The Corporate Transparency Act represents one of the most significant federal regulatory changes to affect small businesses in recent years. Enacted as part of the Anti-Money Laundering Act of 2020, the CTA requires millions of companies across the United States to report information about their beneficial owners to the Financial Crimes Enforcement Network, a bureau of the U.S. Department of the Treasury. For the hundreds of thousands of small businesses operating in New York City, including LLCs, corporations, and other entities, understanding and complying with the CTA's requirements is now an essential part of business ownership.

The CTA's Beneficial Ownership Information reporting requirements have generated significant confusion and uncertainty among business owners, particularly regarding who must file, what information must be reported, the applicable deadlines, and the consequences of non-compliance. This guide provides clear, practical guidance for NYC small business owners navigating this new federal regulatory obligation.

What Is the Corporate Transparency Act?

The Corporate Transparency Act was enacted by Congress in January 2021 to combat the use of anonymous shell companies for money laundering, terrorism financing, tax fraud, and other illicit financial activities. Prior to the CTA, it was relatively easy to form a company in the United States, including in New York, without disclosing the identities of the individuals who ultimately owned or controlled that entity. Criminal organizations exploited this anonymity to move money, evade sanctions, and conceal the proceeds of illegal activity behind layers of anonymous corporate structures.

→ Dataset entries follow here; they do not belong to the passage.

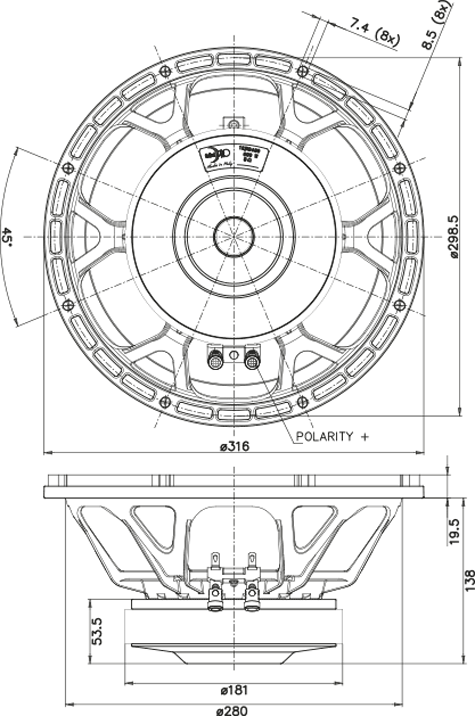 Faital Pro 12RS430 Drawing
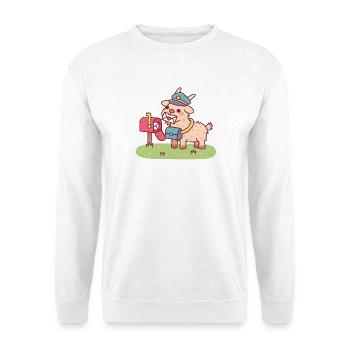 Cute Goat Postzustellung - Unisex Pullover - Weiß - Vorne - Alina (178cm) & Michal (187cm)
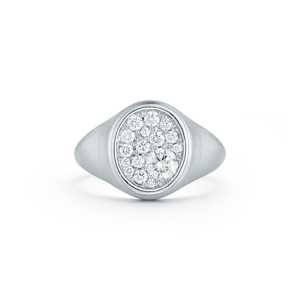 Bague signet en diamant de laboratoire, sertie pavé, finition satinée mate, anneaux de déclaration massifs coniques bombés pour le petit doigt, en or 14K, vente en gros - Product Image 5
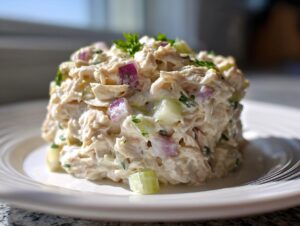 A close-up mound of creamy greek yogurt chicken salad mixed with diced red onion and celery, garnished with parsley.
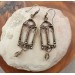 Gothic-style copper and brass filigree earrings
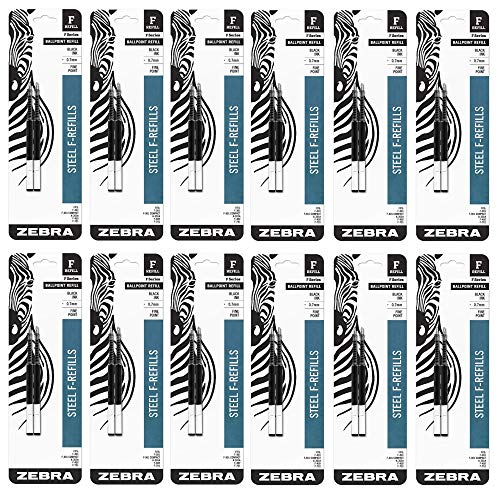 Zebra F-Series Ballpoint Stainless Steel Pen Refill, Fine Point, 0.7mm, Black Ink, 2-Count (12 PACK)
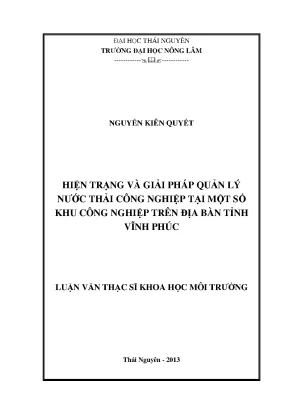 Quản lý nước thải công nghiệp tại Vĩnh Phúc: Hiện trạng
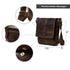 Brown crossbody bag feature diagram with 9 by 7.5 by 3 inch labels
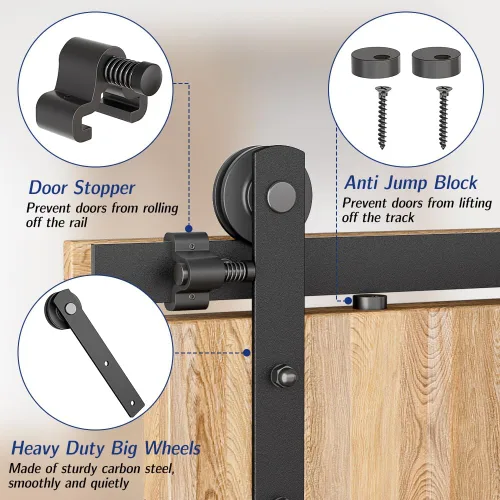 Vista 5 de Kit de herrajes para puerta corrediza de granero de 60 pulgadas/5 pies, suave y silencioso, fácil de instalar, se adapta a puertas de madera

The CTA addresses this gap by requiring certain companies, referred to as reporting companies, to file reports with FinCEN identifying their beneficial owners. FinCEN maintains the reported information in a secure, non-public database known as the Beneficial Ownership Secure System, or BOSS. Access to the database is restricted to authorized users including federal, state, and local law enforcement agencies investigating financial crimes, financial institutions conducting customer due diligence under the Bank Secrecy Act, and certain federal agencies for national security and intelligence purposes. The beneficial ownership information is not publicly available and is subject to strict confidentiality protections, access controls, and penalties for unauthorized disclosure.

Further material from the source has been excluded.